Amazon's sales grew by 20 percent to $72.4 billion in the fourth quarter ended on Dec. 31, with growth of 21 percent in local currencies, and the group's net income jumped by 63 percent to $3.0 billion. However, the company's share price dipped by more 5 percent due to a mitigated forecast for the first quarter because of losses at its business in India, following the introduction of stricter regulations on the local content of products sold over the internet.
The company is expecting a sales increase of between 10 and 18 percent for the first quarter of this year, with an unfavorable impact of 2.1 percentage points from foreign currency translations. It is also projecting an operating profit of between $2.3 billion and $3.3 billion for the quarter, compared with $1.9 billion in the same period a year ago.
For the full 2018 financial year, Amazon booked a strong increase in net income to $10.1 billion from $3.0 billion in the prior year on 31 percent higher sales of $232.9 billion.
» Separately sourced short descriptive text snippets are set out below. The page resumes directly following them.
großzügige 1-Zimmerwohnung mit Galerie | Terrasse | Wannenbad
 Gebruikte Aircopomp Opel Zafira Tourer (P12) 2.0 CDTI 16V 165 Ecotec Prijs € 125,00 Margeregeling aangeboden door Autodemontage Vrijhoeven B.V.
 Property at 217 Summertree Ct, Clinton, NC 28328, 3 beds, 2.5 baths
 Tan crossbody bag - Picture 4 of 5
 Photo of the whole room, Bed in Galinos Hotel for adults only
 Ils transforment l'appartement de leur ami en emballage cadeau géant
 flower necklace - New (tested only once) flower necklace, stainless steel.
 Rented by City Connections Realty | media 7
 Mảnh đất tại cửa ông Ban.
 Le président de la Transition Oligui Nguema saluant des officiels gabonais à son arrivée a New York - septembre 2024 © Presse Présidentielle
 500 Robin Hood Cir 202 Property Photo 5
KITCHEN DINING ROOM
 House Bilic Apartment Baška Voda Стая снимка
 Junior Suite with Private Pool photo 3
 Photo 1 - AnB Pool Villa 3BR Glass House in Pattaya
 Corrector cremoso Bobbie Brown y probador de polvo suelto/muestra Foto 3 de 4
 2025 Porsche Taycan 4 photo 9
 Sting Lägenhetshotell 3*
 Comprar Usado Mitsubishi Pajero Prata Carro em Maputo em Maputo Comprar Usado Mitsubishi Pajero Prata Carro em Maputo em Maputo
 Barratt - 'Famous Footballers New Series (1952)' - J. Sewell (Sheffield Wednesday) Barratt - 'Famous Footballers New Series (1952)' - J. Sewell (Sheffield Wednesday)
On a currency-neutral basis, they went up by 31 percent.
Much of the growth has come from new services like Amazon's new cloud computing business, which enjoyed a 45 percent jump in revenues.
Meanwhile, Amazon is moving strongly into omni-channel operations. It launched physical pop-up stores in six European countries during the latest holiday season, presenting for the first time a curated selection of more than 2,000 products. It carried out 136 events and workshops for customers in Amsterdam, London, Madrid, Milan and Paris.